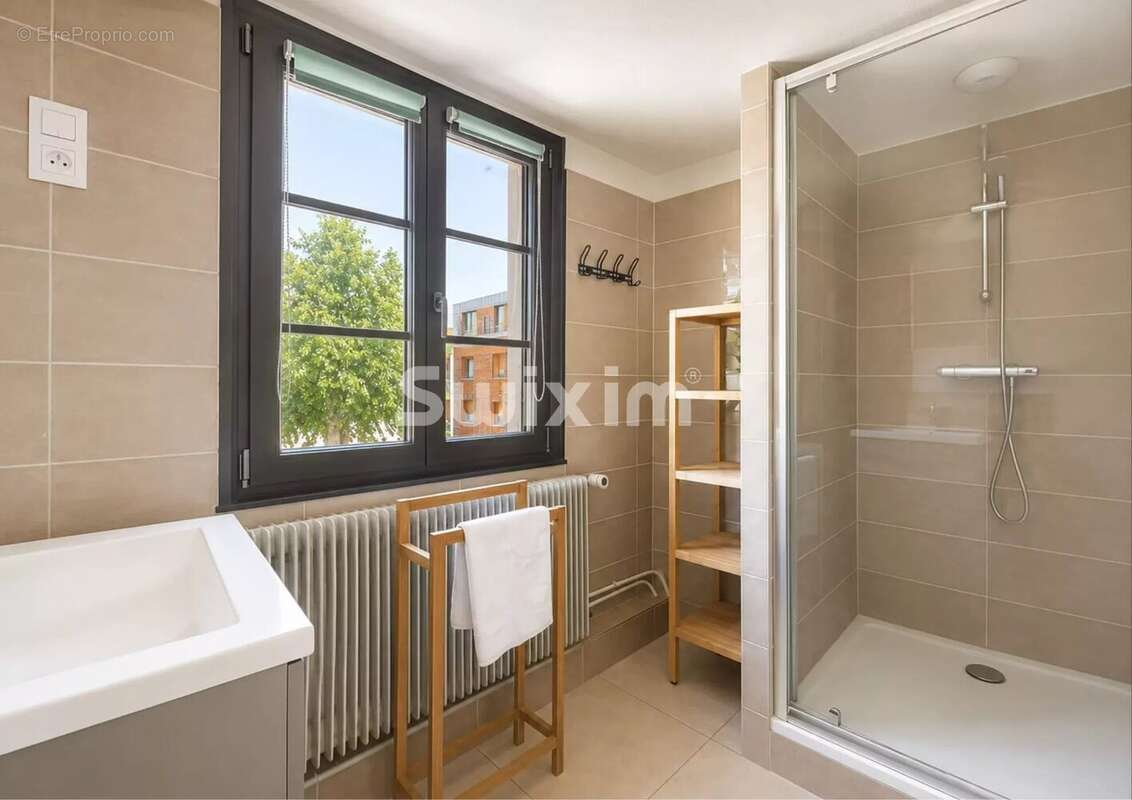 Appartement 4 pièces, trois chambres, combles et stationnement couvert - photo 9
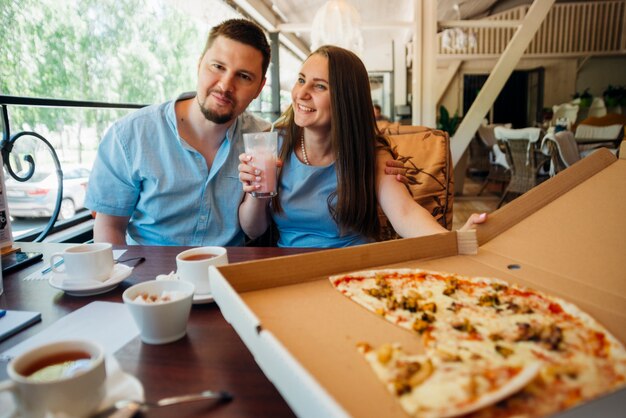 Pareja feliz disfrutando de pizza y batido en café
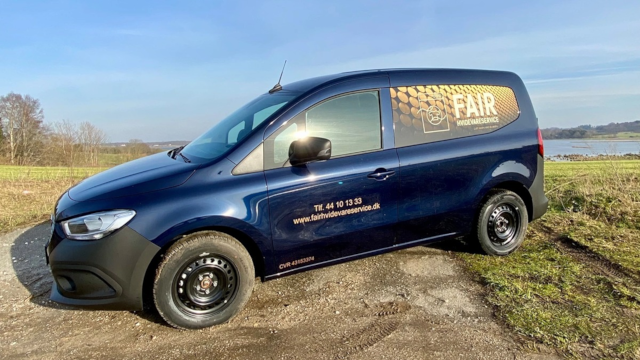 En blå varevogn med reklame for FAIR parkeret ved en grusvej med udsigt over vandet.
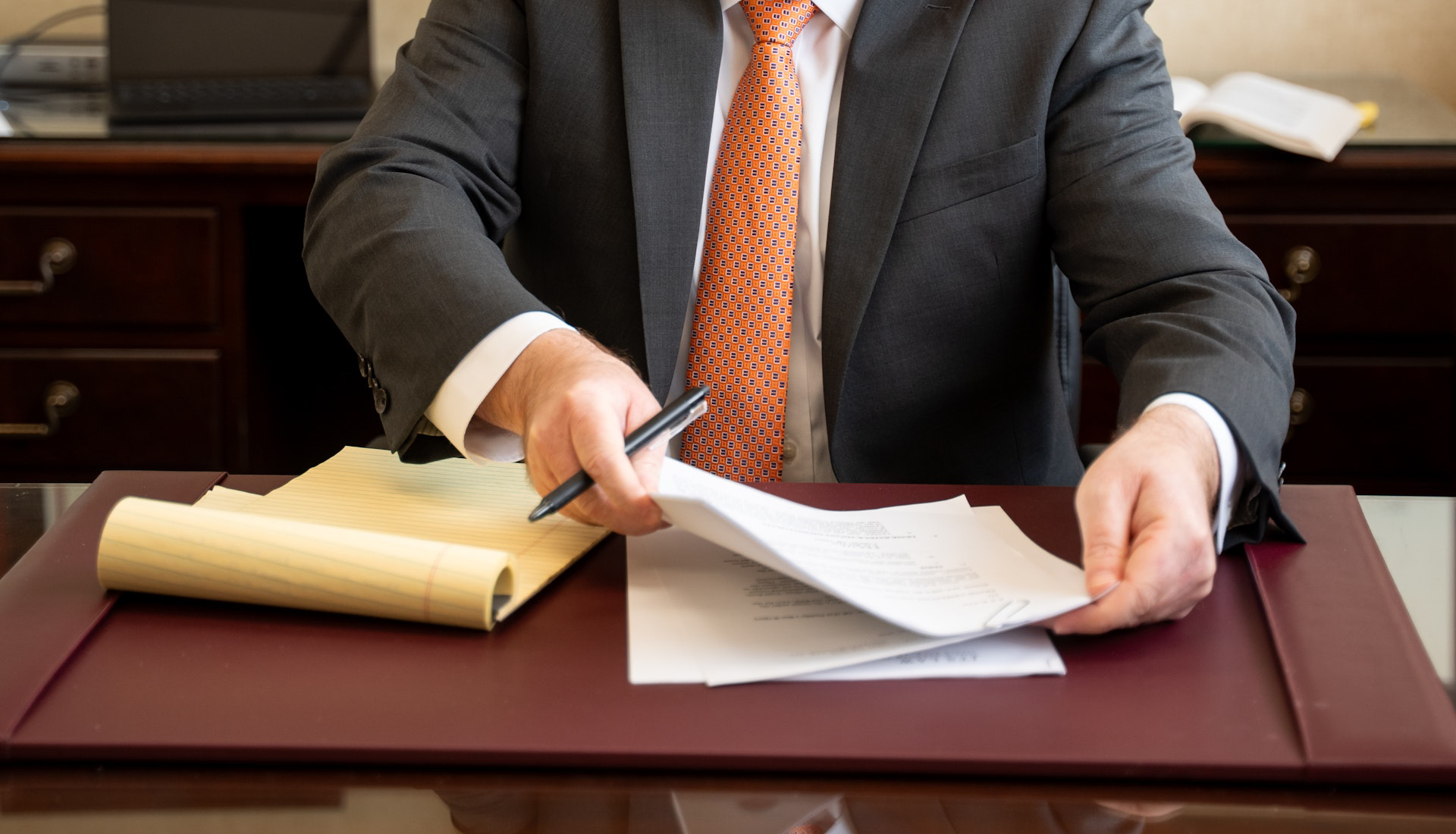 A cropped shot of a man wearing a dark suit and an orange patterned tie, sitting at a desk with a maroon leather blotter. He is holding a pen in one hand while using the other to flip through several documents on his desk, next to a legal pad.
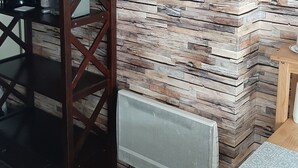 A room with a stone wall, a wooden cabinet with photos, a coffee maker, and a radiator. - rent studio center of the village 2 people (Cauterets)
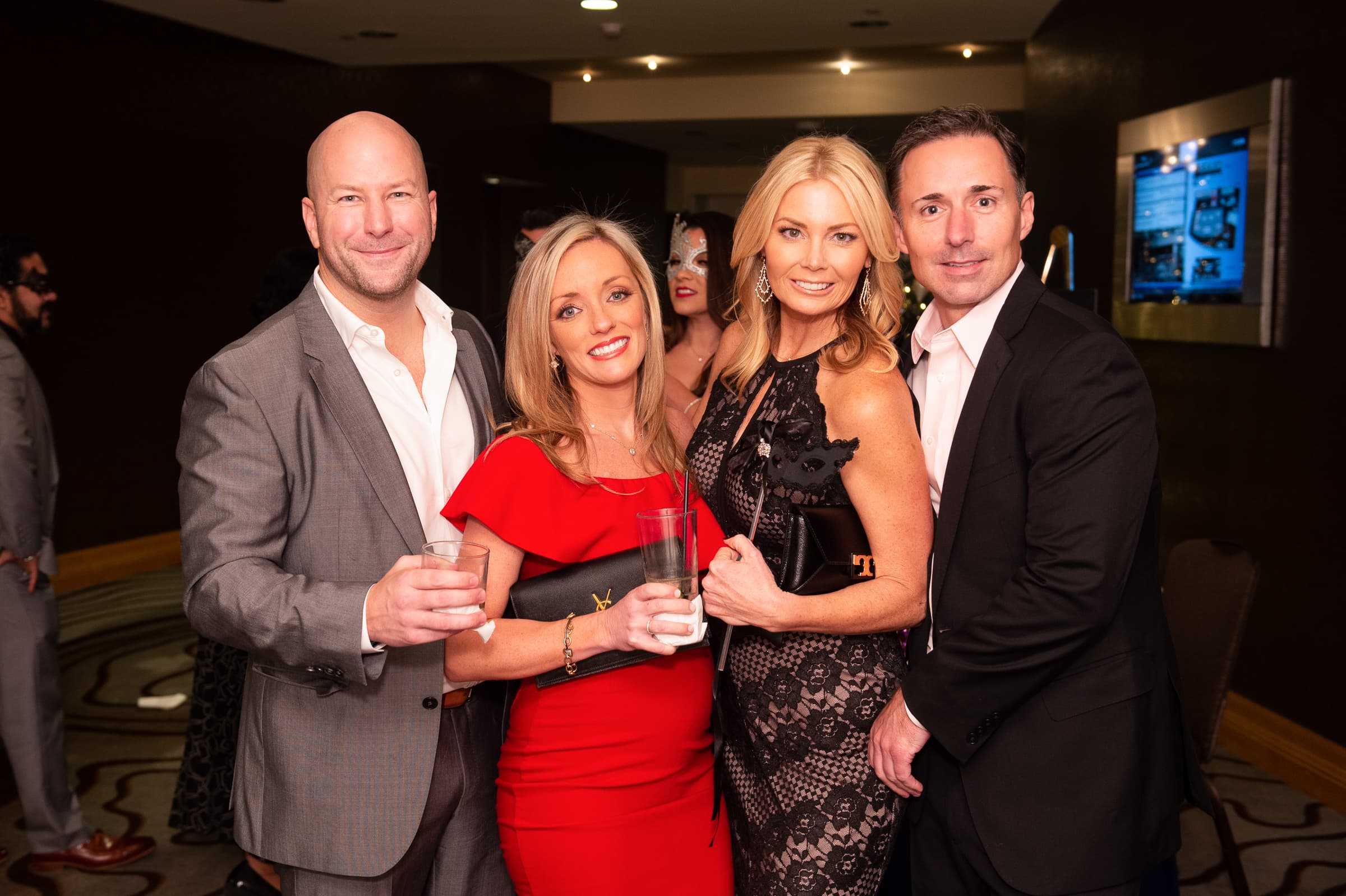 Four guests raising their drinks together at a holiday party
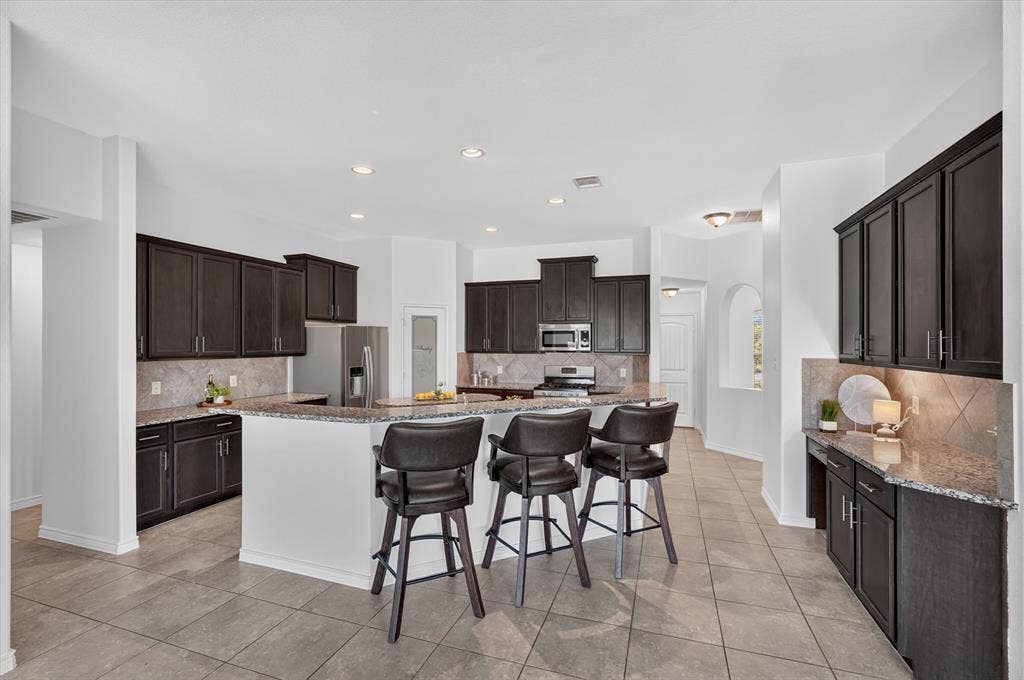 Expansive kitchen featuring dark wood cabinetry, granite countertops, tile backsplash, and recessed lighting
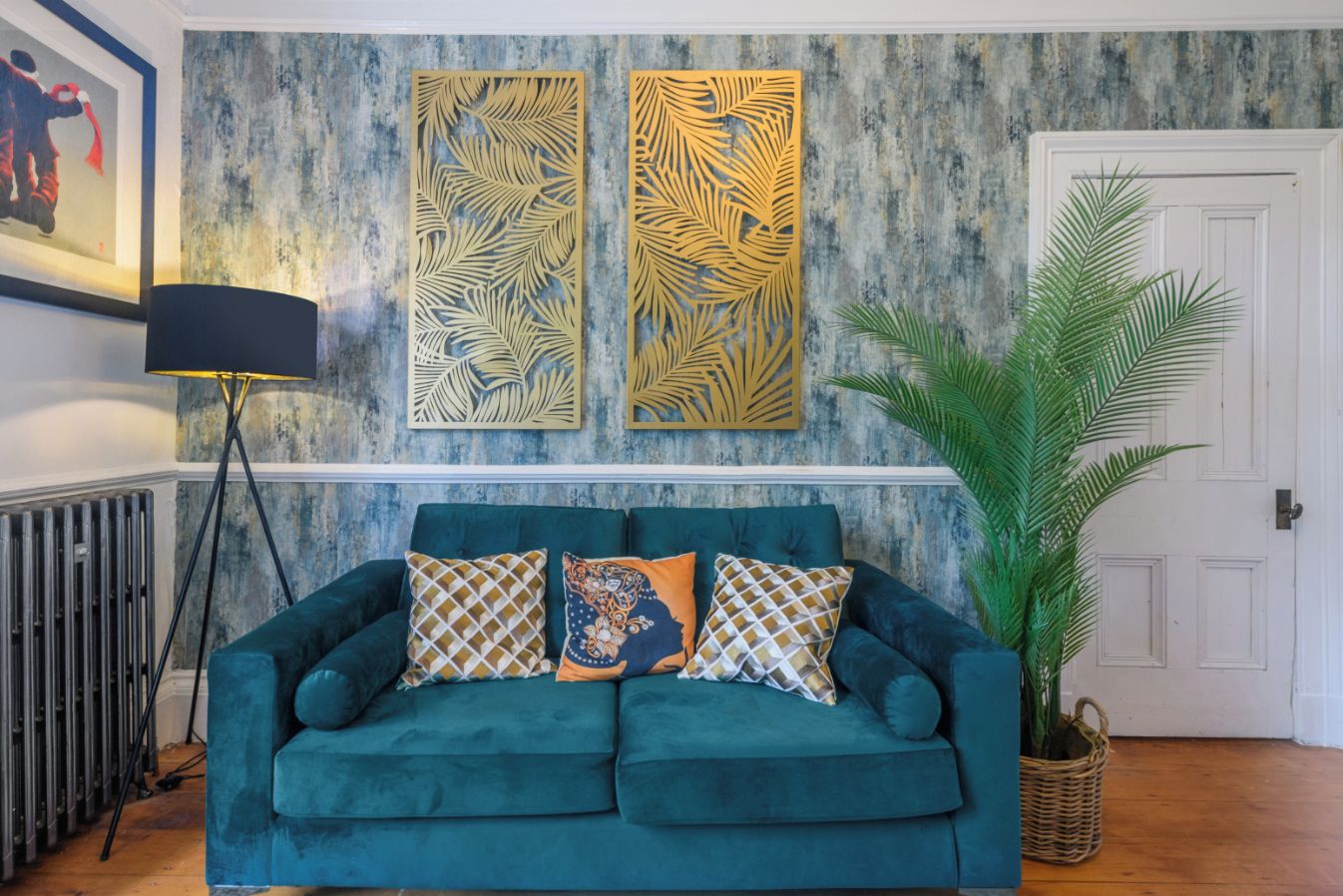 Un canapé de couleur turquoise agrémenté de coussins à motifs, un lampadaire et une grande plante en pot dans un salon doté d’un mur rustique et d’une porte blanche.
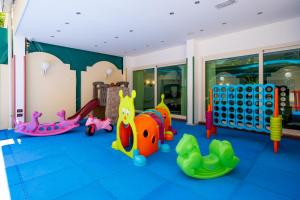 a childrens play room with various toys on the floor at Hotel Smeraldo in Cesenatico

## TASK DIRECTIONS:
Starting where a line contains "A room with" and finishing at the last line above, set down every line exactly as it reads, with no pictures.

## YOUR SOLUTION:
 A room with a stone wall, a wooden cabinet with photos, a coffee maker, and a radiator. - rent studio center of the village 2 people (Cauterets)
 Four guests raising their drinks together at a holiday party
 Expansive kitchen featuring dark wood cabinetry, granite countertops, tile backsplash, and recessed lighting
 Un canapé de couleur turquoise agrémenté de coussins à motifs, un lampadaire et une grande plante en pot dans un salon doté d’un mur rustique et d’une porte blanche.
 a childrens play room with various toys on the floor at Hotel Smeraldo in Cesenatico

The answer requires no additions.